## Exercise requirements
Although the entries contain pictures, the copy should hold only their exact text.

## Material shown
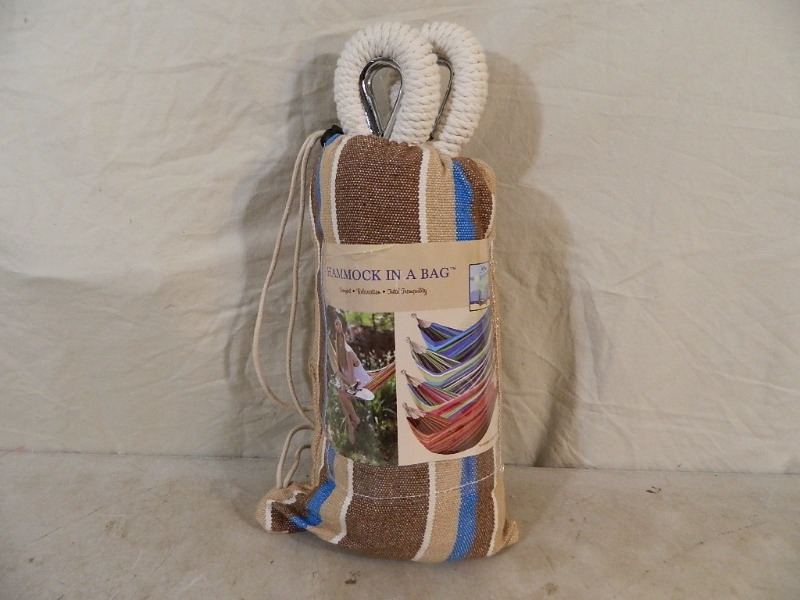 New Bliss Hammock in A Bag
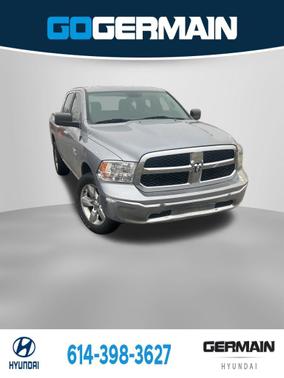 2021 RAM 1500 Classic SLT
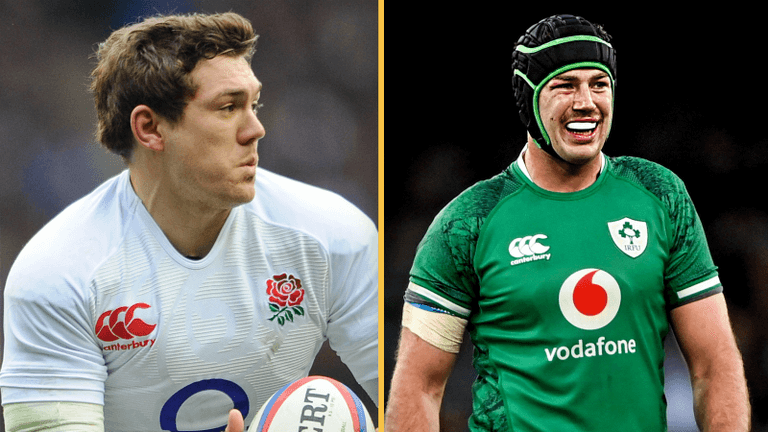 Alex Goode selects five Ireland players in his Six Nations ‘Ultimate Team’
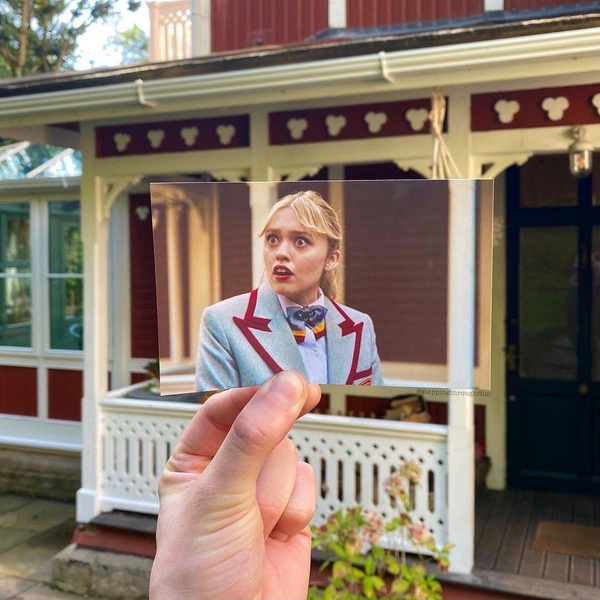 В Уэльсе продается дом из сериала Sex Education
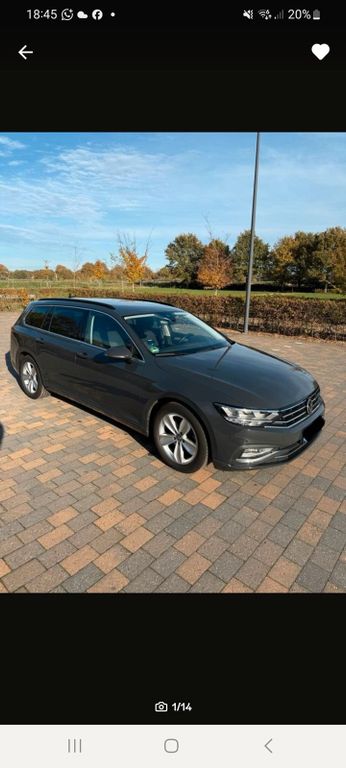 Image of Volkswagen Passat Variant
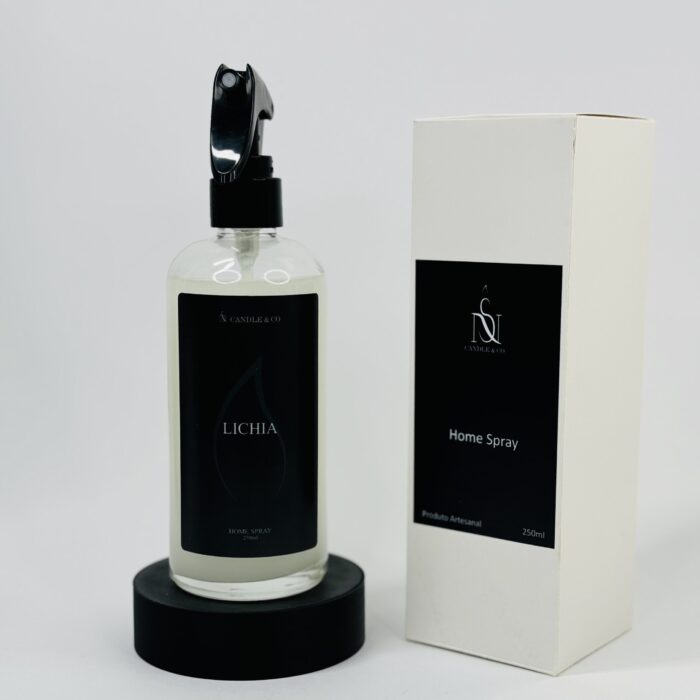 Home Sprays Lichia com caixa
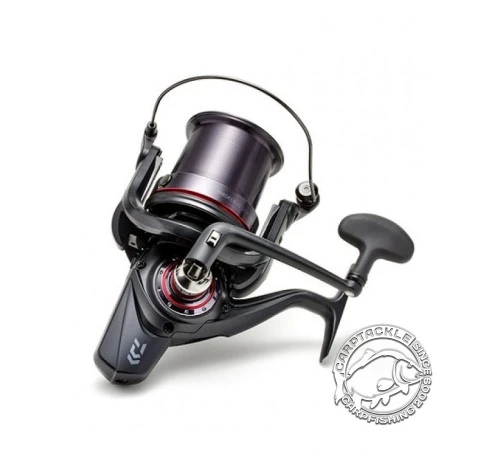 Катушка Daiwa 22 WHISKER 45 SCW QD OT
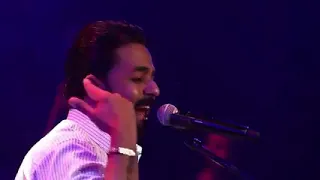 الدرويش عمرو حسن لأول مره قصيدة اعراض انسحاب دندنها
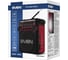 Радиоприёмник SVEN АС SRP-355 красный, 3 Вт, FM/AM/SW, USB, SD/microSD, фонарь, встроенный аккумулятор SV-017132 6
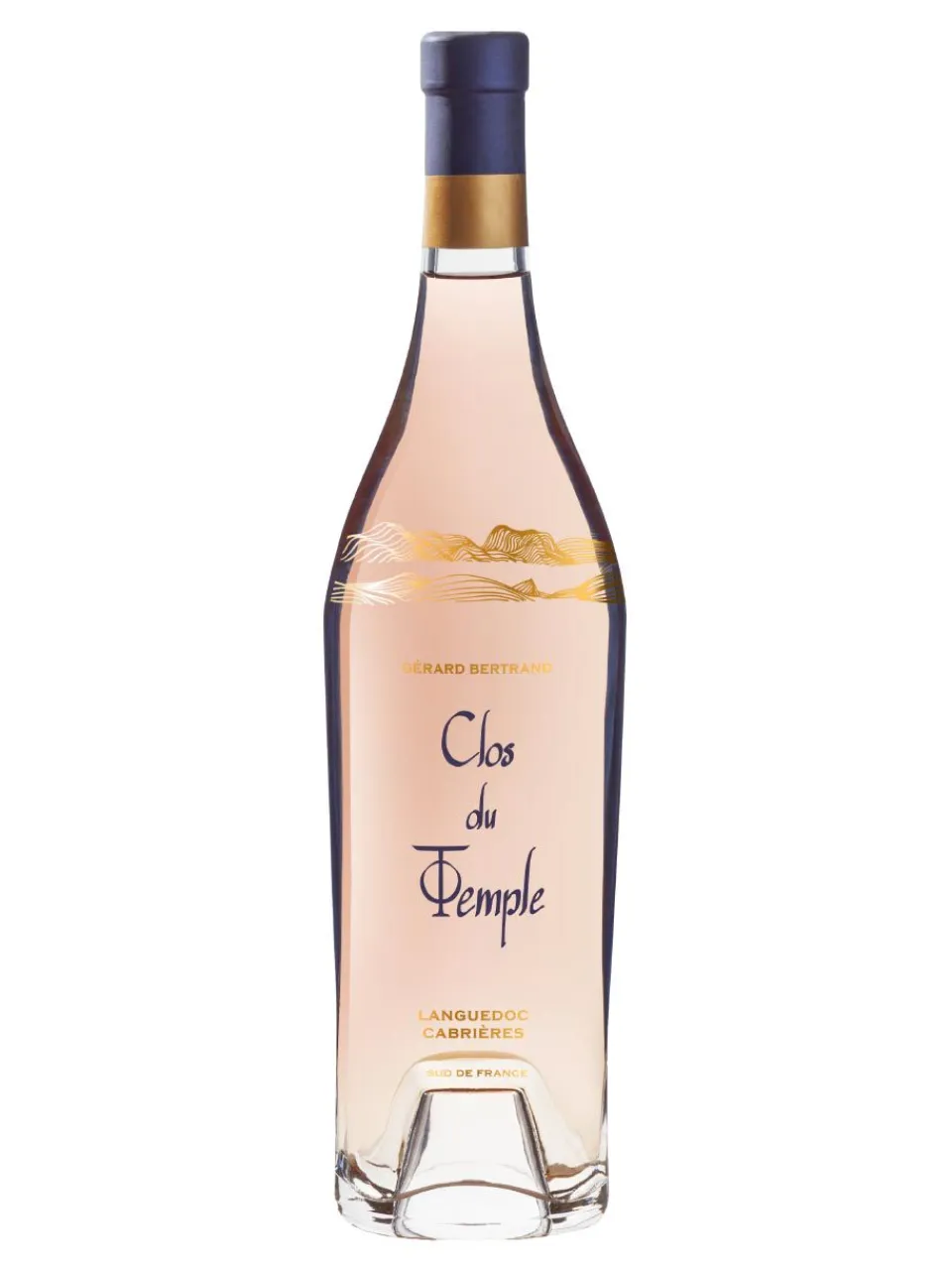 Online grard-bertrand Gérard Bertrand, Clos du Temple, Languedoc Cabrières, AOC, dry, rosé 0.75L, organic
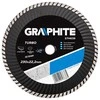 Deimantinis šlifuoklis Graphite 230x22.2mm TURBO WAVE 57H638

## Solution to this task
 New Bliss Hammock in A Bag
 2021 RAM 1500 Classic SLT
 Alex Goode selects five Ireland players in his Six Nations ‘Ultimate Team’
 В Уэльсе продается дом из сериала Sex Education
 Image of Volkswagen Passat Variant
 Home Sprays Lichia com caixa
 Катушка Daiwa 22 WHISKER 45 SCW QD OT
 الدرويش عمرو حسن لأول مره قصيدة اعراض انسحاب دندنها
 Радиоприёмник SVEN АС SRP-355 красный, 3 Вт, FM/AM/SW, USB, SD/microSD, фонарь, встроенный аккумулятор SV-017132 6
 Online grard-bertrand Gérard Bertrand, Clos du Temple, Languedoc Cabrières, AOC, dry, rosé 0.75L, organic
 Deimantinis šlifuoklis Graphite 230x22.2mm TURBO WAVE 57H638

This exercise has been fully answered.